**David Diez, OpenIntro**

The percentile bootstrap approach has made inroads to introductory statistics courses, sometimes with the incorrect declaration that it can be used without checking any conditions. Unfortunately, the percentile bootstrap performs worse than methods based on the t-distribution for small samples of numerical data. I would wager that the large majority of statisticians proselytize the opposite to be true, and I think this misplaced faith has created a small epidemic.

The percentile bootstrap is nothing new, but its weaknesses remain largely unknown in the community. I find myself wrestling with several considerations whenever I think about this topic.

A few years ago I created this spreadsheet to compare the percentile bootstrap to classical methods. For small samples, the t-confidence interval outperforms the percentile bootstrap through a sample size of 30 for numerical data. The difference is particularly stark when the population is skewed and the sample size is very small. Tim Hesterberg published a much more comprehensive investigation of multiple classical and bootstrap methods in 2014. He found similar results for small samples, where the t-confidence interval outperformed the percentile bootstrap until the sample size was 35 or larger.

Teaching the percentile bootstrap without thoughtfully explaining the conditions, particularly as a replacement for classical methods, seems like one step forward and two steps back. The percentile bootstrap is nothing new, but its weaknesses remain largely unknown in the community. I find myself wrestling with several considerations whenever I think about this topic.
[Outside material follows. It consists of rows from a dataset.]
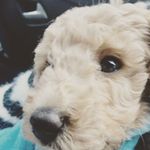 Henry Roche - @henroche07 - Instagram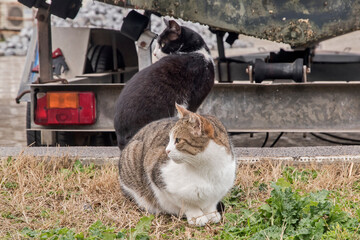 Adorable stray street cats closeup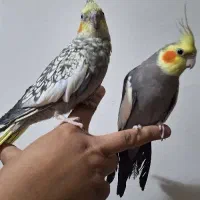 عروس هلندی|پرنده|شیراز, شاهچراغ|دیوار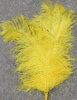 colorful ostrich feathers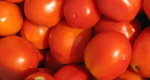 TOMATE MADURO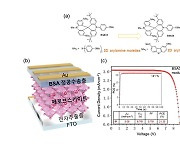 GIST 연구진, 태양전지 신소재 개발…'세계 최고 효율 달성'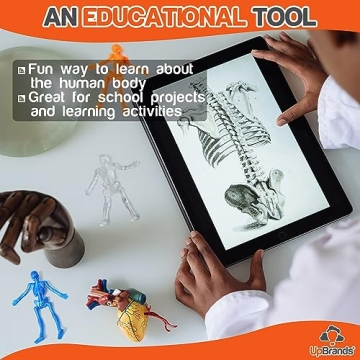 UpBrands Stretchy Skeletons 48 Pack Kids Party Favors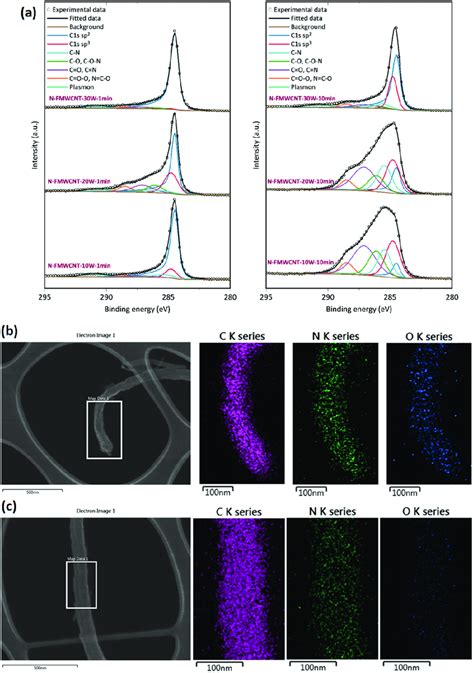 A Deconvoluted Xps Spectra Of C S For N Fmwcnt Stem Image And Eds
**The percentile bootstrap is a stepping stone.**I don’t think the percentile bootstrap method should be taught as “the” bootstrap method. It’s too unreliable. The percentile bootstrap should be taught as a first step towards better methods and / or as a first tool for students to start exploring a wider range of analyses, e.g. of the median, standard deviation, and IQR.**There are better bootstrap methods.**Tim’s excellent paper found that the*bootstrap t-interval*is much more robust than the percentile bootstrap, and the bootstrap t-interval is even much more robust than the classical methods for small samples and skewed data. (Research opportunity #1)**The bootstrap opens the door to more statistics.**The reason why I remain bullish on the long term value of advanced bootstrap methods is that they ease the analysis of a wider range of statistics, such as the standard deviation and IQR.**We need to establish appropriate conditions for the bootstrap.**Every statistical tool fails in many ways, and we need to better understand when methods fail before they are taught to the next generation of statisticians. As a starting point, I suggest a rule of thumb for the percentile bootstrap below. To be clear, more thoughtful work is required here and appropriate conditions are far from settled. (Research opportunity #2)**Shifts in pedagogy are costly, so let’s do our homework first.**A shift in how intro statistics is taught on a large scale is very expensive. It requires teaching tens of thousands of teachers the new pedagogy, getting those teachers to buy into the change, and then pushing schools (or students) to buy new textbooks. I think we owe it to schools, teachers, and most of all students to have solid evidence (data!) from a diverse set of studies showing the practical benefits of the bootstrap method before we ask them to incur the costs of this transition. (Research opportunity #3)

I want to wrap up with my rule of thumb for the percentile bootstrap. *If I’d be comfortable applying the Z-test or Z-confidence interval to a data set, then I think it’s safe to use the percentile bootstrap for the mean or median.* In most introductory courses, that usually means (1) the data are from a simple random sample or from random assignment in an experiment, (2) there are at least 30 observations in the sample, and (3) the distribution is not too strongly skewed.

Pingback: Bootstrap Confidence Intervals – not as reliable as their reputation! – Approximating Normality

Bob HaydenThank you, David, for your work on these simulations and for posting this here. I was introduced to the bootstrap by Peter Bruce back when his Resampling Statistics program ran under DOS. A measure of variability for the bootstrap distribution seemed to me a reasonable descriptive statistic for the variability of the sampling distribution, much as s over sqrt(n) is, but I could not see any reason to think that 95% of the percentile bootstrap intervals would capture a population parameter. With good reason, apparently! I also could not see how it could work for ANY statistic — it seemed unlikely to work for the max, min, or range for example. So I would want to add research opportunity 1.5 to see which statistics it does work for.

I also have had pedagogical concerns. When we use the bootstrap for inference, we are essentially using it as some sort of approximation to the sampling distribution. Sampling distributions are hard enough without this added layer of complexity. I suspect that the bootstrap seems easier to students because they are just thinking, “95% of the bootstrap means are in the middle 95% of the bootstrap distribution,” which is just a tautology not relevant to understanding inference. So the bootstrap REPLACES understanding of sampling distributions.

While bootstrap t may work better it is not clear how this could be used to INTRODUCE inference as it seems to be dependent on learning t methods first.